What the task asks = Every word of the listing should be reproduced without alteration.
::::
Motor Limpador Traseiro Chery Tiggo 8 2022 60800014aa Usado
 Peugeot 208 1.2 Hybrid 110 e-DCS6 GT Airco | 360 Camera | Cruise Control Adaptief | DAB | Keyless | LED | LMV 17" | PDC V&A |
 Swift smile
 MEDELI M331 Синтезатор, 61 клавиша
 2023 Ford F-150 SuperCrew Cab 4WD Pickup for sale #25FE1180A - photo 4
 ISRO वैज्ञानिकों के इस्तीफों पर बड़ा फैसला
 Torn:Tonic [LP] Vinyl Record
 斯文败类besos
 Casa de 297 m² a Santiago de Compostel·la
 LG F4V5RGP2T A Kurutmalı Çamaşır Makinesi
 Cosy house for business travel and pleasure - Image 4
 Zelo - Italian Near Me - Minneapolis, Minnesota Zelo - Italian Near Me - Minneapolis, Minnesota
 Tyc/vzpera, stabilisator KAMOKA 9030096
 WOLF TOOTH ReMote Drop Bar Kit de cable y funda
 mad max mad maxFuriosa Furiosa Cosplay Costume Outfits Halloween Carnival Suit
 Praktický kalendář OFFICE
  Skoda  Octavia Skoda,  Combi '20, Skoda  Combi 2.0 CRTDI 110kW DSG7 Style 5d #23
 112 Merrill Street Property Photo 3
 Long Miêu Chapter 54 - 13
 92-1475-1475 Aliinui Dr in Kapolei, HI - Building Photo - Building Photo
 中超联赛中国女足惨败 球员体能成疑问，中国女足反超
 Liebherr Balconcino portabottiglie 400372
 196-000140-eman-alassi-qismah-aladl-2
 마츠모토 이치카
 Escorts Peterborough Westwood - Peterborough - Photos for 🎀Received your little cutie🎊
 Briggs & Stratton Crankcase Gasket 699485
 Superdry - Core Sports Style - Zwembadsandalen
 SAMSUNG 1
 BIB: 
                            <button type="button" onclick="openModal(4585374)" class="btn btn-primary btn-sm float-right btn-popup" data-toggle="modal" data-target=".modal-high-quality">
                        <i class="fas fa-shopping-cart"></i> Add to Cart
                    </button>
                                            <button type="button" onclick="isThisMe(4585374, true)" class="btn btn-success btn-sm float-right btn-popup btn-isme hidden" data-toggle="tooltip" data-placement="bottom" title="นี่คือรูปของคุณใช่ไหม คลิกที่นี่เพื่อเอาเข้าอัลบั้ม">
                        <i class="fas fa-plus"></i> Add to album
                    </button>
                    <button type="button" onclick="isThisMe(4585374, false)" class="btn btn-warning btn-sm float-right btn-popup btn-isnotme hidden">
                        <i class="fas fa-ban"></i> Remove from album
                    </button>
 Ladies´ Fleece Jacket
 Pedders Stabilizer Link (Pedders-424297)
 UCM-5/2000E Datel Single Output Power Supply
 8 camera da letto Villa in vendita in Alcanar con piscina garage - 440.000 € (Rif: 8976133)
::::
Completed task =
Motor Limpador Traseiro Chery Tiggo 8 2022 60800014aa Usado
 Peugeot 208 1.2 Hybrid 110 e-DCS6 GT Airco | 360 Camera | Cruise Control Adaptief | DAB | Keyless | LED | LMV 17" | PDC V&A |
 Swift smile
 MEDELI M331 Синтезатор, 61 клавиша
 2023 Ford F-150 SuperCrew Cab 4WD Pickup for sale #25FE1180A - photo 4
 ISRO वैज्ञानिकों के इस्तीफों पर बड़ा फैसला
 Torn:Tonic [LP] Vinyl Record
 斯文败类besos
 Casa de 297 m² a Santiago de Compostel·la
 LG F4V5RGP2T A Kurutmalı Çamaşır Makinesi
 Cosy house for business travel and pleasure - Image 4
 Zelo - Italian Near Me - Minneapolis, Minnesota Zelo - Italian Near Me - Minneapolis, Minnesota
 Tyc/vzpera, stabilisator KAMOKA 9030096
 WOLF TOOTH ReMote Drop Bar Kit de cable y funda
 mad max mad maxFuriosa Furiosa Cosplay Costume Outfits Halloween Carnival Suit
 Praktický kalendář OFFICE
  Skoda  Octavia Skoda,  Combi '20, Skoda  Combi 2.0 CRTDI 110kW DSG7 Style 5d #23
 112 Merrill Street Property Photo 3
 Long Miêu Chapter 54 - 13
 92-1475-1475 Aliinui Dr in Kapolei, HI - Building Photo - Building Photo
 中超联赛中国女足惨败 球员体能成疑问，中国女足反超
 Liebherr Balconcino portabottiglie 400372
 196-000140-eman-alassi-qismah-aladl-2
 마츠모토 이치카
 Escorts Peterborough Westwood - Peterborough - Photos for 🎀Received your little cutie🎊
 Briggs & Stratton Crankcase Gasket 699485
 Superdry - Core Sports Style - Zwembadsandalen
 SAMSUNG 1
 BIB: 
                            <button type="button" onclick="openModal(4585374)" class="btn btn-primary btn-sm float-right btn-popup" data-toggle="modal" data-target=".modal-high-quality">
                        <i class="fas fa-shopping-cart"></i> Add to Cart
                    </button>
                                            <button type="button" onclick="isThisMe(4585374, true)" class="btn btn-success btn-sm float-right btn-popup btn-isme hidden" data-toggle="tooltip" data-placement="bottom" title="นี่คือรูปของคุณใช่ไหม คลิกที่นี่เพื่อเอาเข้าอัลบั้ม">
                        <i class="fas fa-plus"></i> Add to album
                    </button>
                    <button type="button" onclick="isThisMe(4585374, false)" class="btn btn-warning btn-sm float-right btn-popup btn-isnotme hidden">
                        <i class="fas fa-ban"></i> Remove from album
                    </button>
 Ladies´ Fleece Jacket
 Pedders Stabilizer Link (Pedders-424297)
 UCM-5/2000E Datel Single Output Power Supply
 8 camera da letto Villa in vendita in Alcanar con piscina garage - 440.000 € (Rif: 8976133)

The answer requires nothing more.